There’s Something About Kerry
Kerry Mitchell's impressive career in magazine publishing has often been controversial, especially because of her alleged tendency to dabble in editorial. But the higher she gets at Rogers Publishing, the more questions crop up—about her plans for her publications, and the company's plans for her
Wherever Kerry Mitchell goes, tales of an interfering publisher follow. There are judgments: incessant micromanagement, a hungry ambition and a cool demeanour. There are whispers: former Chatelaine editor-in-chief Sara Angel allegedly threw furniture at her after one too many fights over editorial control. There is vitriol: some people can’t stand her, plain and simple—though they’d never say it publicly. And the latest rumour: she’s crossed Rogers Publishing leading man Ken Whyte, a feat that could herald the end of the Mitchell regime.

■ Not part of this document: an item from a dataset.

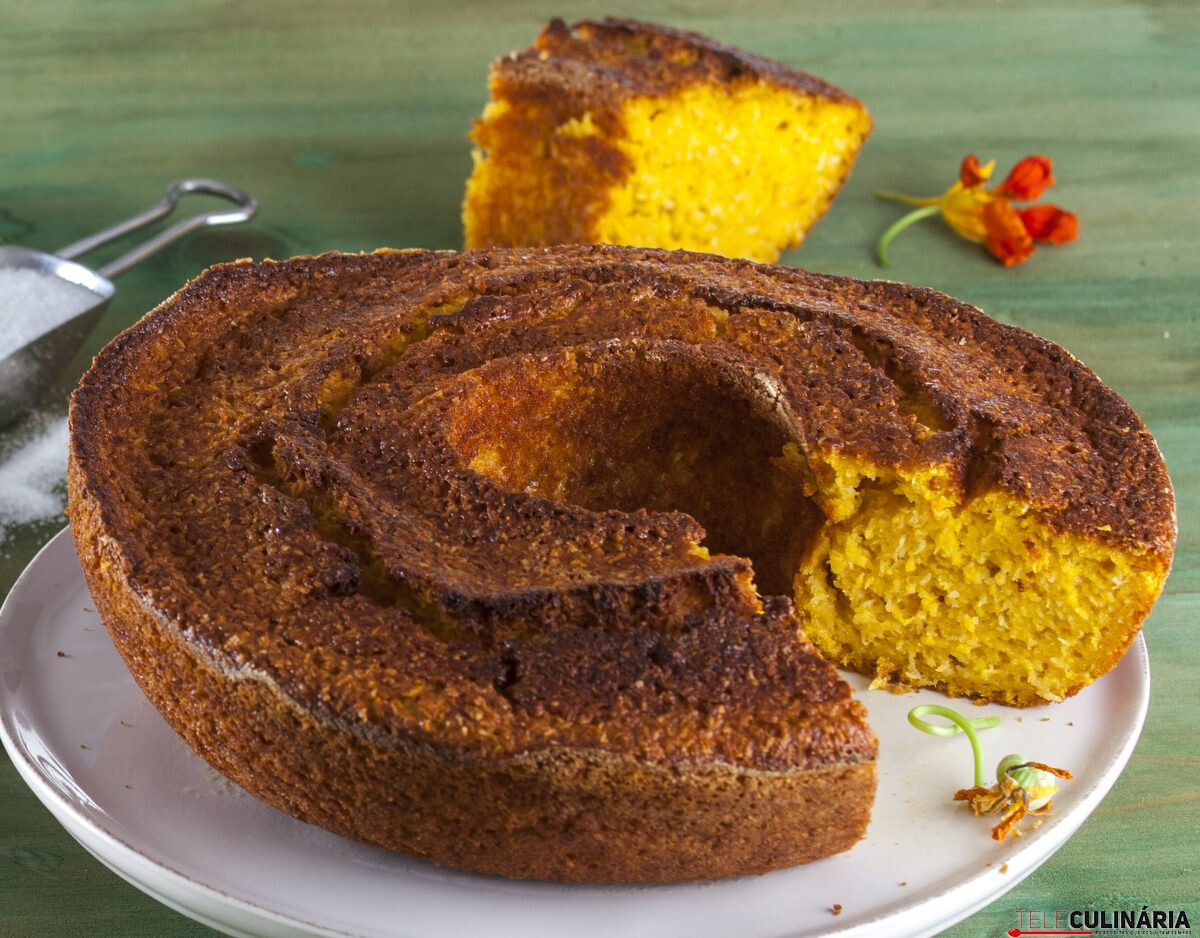 Bolo de abóbora e coco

Loved by some and feared by many, Mitchell is a rapidly rising star in magazine publishing. Her voracious quest to find something more, something better, something, perhaps, unreachable has affected every publication she’s worked for. And not just in atmosphere. Mitchell has tentacles in all aspects of her magazines. Industry rumours even accuse her of dabbling in display writing—angering editors as a result.
Her involvement may seem intrusive to some of her underlings, but it’s no longer an anomaly in publisher-editor relationships. “Hands-on” is the new “removed overseer.” While there are no “maybes” about Mitchell—those who have worked under her either extol or despise her—her successes don’t lie. Though it may seem she’s just in it for herself, her profit-turning prowess has made her popular with the higher-ups.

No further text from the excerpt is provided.